### The data

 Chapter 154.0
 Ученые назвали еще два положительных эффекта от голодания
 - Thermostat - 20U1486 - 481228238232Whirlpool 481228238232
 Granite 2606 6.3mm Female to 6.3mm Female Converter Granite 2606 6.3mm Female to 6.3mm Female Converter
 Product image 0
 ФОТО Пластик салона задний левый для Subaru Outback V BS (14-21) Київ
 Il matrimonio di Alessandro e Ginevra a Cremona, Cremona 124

######
### The data

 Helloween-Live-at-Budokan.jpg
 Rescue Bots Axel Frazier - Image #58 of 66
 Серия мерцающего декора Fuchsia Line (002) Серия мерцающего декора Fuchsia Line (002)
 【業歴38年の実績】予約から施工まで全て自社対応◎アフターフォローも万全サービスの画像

######

--- Exercise goal ---
Transcribe the lines above between the line holding "Chapter 154.0" and the line holding "Il matrimonio di", inclusive, exactly as they stand and with nothing added.

--- Solution to the problem ---
 Chapter 154.0
 Ученые назвали еще два положительных эффекта от голодания
 - Thermostat - 20U1486 - 481228238232Whirlpool 481228238232
 Granite 2606 6.3mm Female to 6.3mm Female Converter Granite 2606 6.3mm Female to 6.3mm Female Converter
 Product image 0
 ФОТО Пластик салона задний левый для Subaru Outback V BS (14-21) Київ
 Il matrimonio di Alessandro e Ginevra a Cremona, Cremona 124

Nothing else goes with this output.